The Urgothi created the Middle Kingdoms, including Grefftscharr.

====Ruthani====
The Ruthani are the real world Native Americans. They are considered barbarians by the Zarthani, who virtually exterminated the Eastern Ruthani when they arrived in the area to become the Great Kingdoms.

===Great Kingdoms===
The North American Atlantic coast is the location of the Great Kingdoms. These kingdoms are inhabited by the Zarthani and are the main location of the series. Originally there were five Great Kingdoms (Hos-Zygros, Hos-Agrys, Hos-Harphax, Hos-Ktemnos, and Hos-Bletha), but at the end of Lord Kalvan of Otherwhen, the new Great Kingdom of Hos-Hostigos is formed. Part way through the series, Kalvan also recognizes a seventh Great Kingdom, Hos-Rathon. Neither Hos-Hostigos nor Hos-Rathon are recognized by any of the other Great Kingdoms.

Another Zarthani political entity outside the framework of the Great Kingdoms is Trygath, in the Ohio valley. The Ohio River was not along the Zarthani eastwards migration routes, and Trygath is a semi-barbarous area known for its horse-breeding, and not considered Hos or "Great".

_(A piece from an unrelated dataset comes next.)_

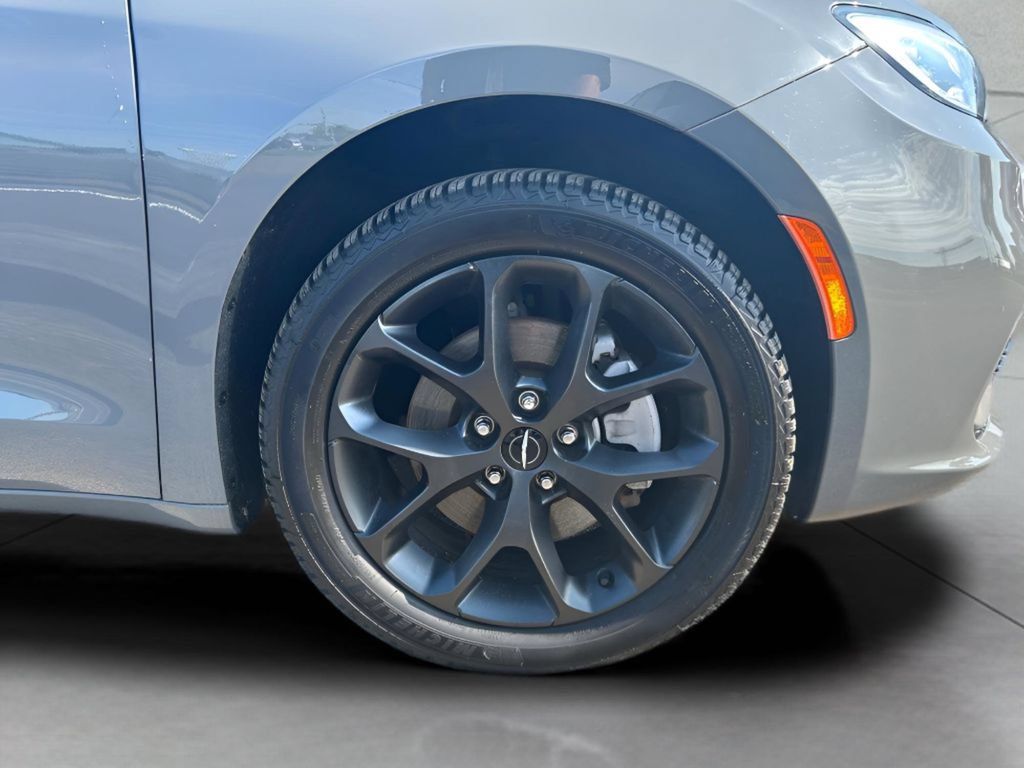 Used 2023 Chrysler Pacifica Touring-L w/ S Appearance Package AWD/4WD image 25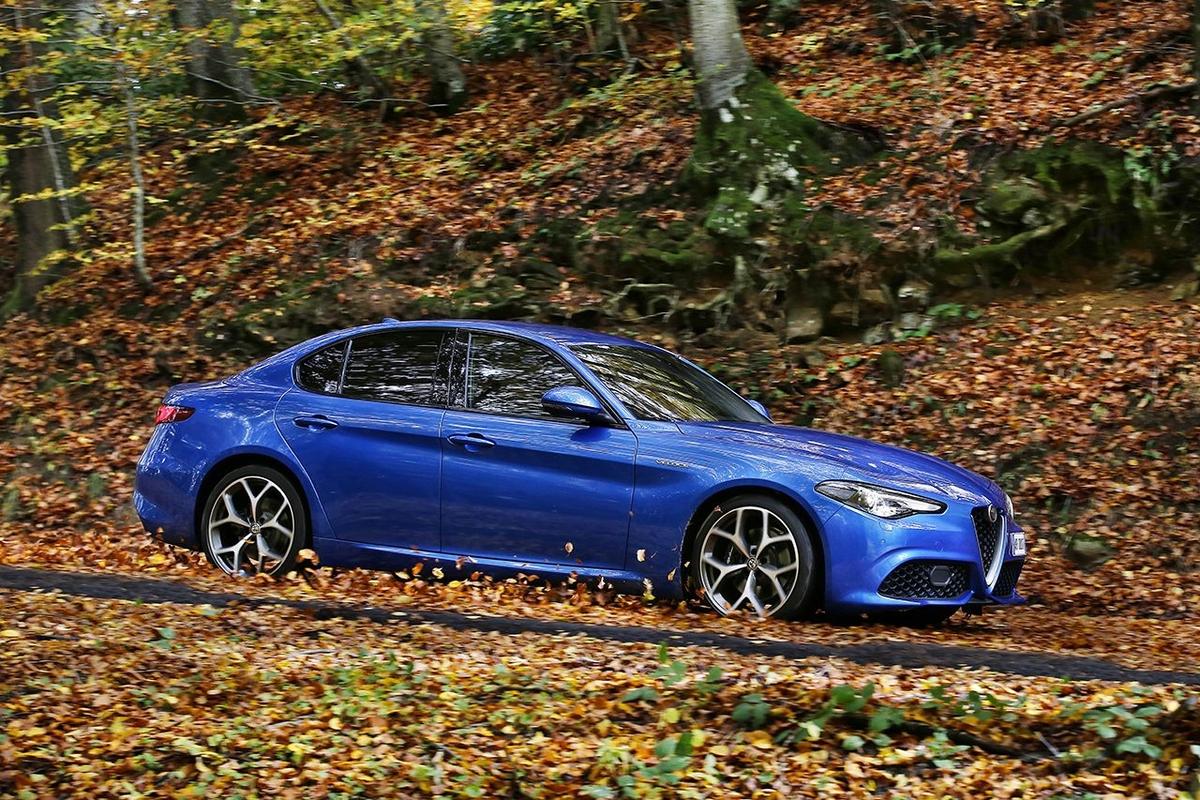 Alfa-Romeo Giulia Veloce 2017 Alfa-Romeo Giulia Veloce 2017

Symbols described in Lord Kalvan of Otherwhen, including the flag of newly established Hos-Hostigos (middle), and the flag of the principality of Hostigos (bottom)

====Hos-Hostigos====
Hos-Hostigos was formed by Kalvan from the former Harphaxi princedoms of Hostigos (also known as Old Hostigos), Nostor, Sask, Beshta, Nyklos, and Ulthor, along with a new princedom of Sashta. Due to the unilateral nature of the kingdom's establishment, it is not recognized as a Great Kingdom by any other kingdoms. Kalvan began a rapid modernization plan of the kingdom's armies (including attempting to replace pikemen with musketeers), as well as infrastructure improvements such as the Great Kings' Highway, a two-lane stone road running through the kingdom.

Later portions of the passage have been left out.